_EXERCISE OBJECTIVE:_ In the records below, the relevant part opens with the line containing "Hi, this video" and closes with the line containing "The left lumbar"; print that part exactly and only, without its pictures.

_SUPPLIED ENTRIES:_

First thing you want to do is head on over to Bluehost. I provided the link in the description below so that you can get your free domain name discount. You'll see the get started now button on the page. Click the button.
---
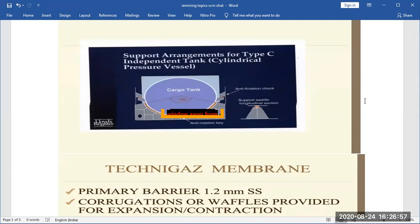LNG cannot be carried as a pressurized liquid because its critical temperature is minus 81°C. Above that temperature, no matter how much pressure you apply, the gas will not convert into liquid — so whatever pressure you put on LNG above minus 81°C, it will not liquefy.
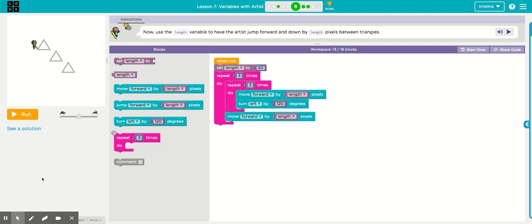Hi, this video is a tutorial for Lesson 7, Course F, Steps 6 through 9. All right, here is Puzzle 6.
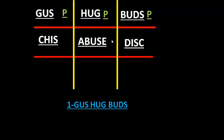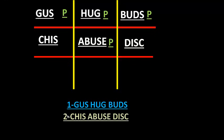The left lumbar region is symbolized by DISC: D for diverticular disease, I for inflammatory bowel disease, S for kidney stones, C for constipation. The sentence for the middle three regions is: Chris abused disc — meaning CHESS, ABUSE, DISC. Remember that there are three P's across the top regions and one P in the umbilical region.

_ANSWER FOR THIS EXERCISE:_
Hi, this video is a tutorial for Lesson 7, Course F, Steps 6 through 9. All right, here is Puzzle 6.
The left lumbar region is symbolized by DISC: D for diverticular disease, I for inflammatory bowel disease, S for kidney stones, C for constipation. The sentence for the middle three regions is: Chris abused disc — meaning CHESS, ABUSE, DISC. Remember that there are three P's across the top regions and one P in the umbilical region.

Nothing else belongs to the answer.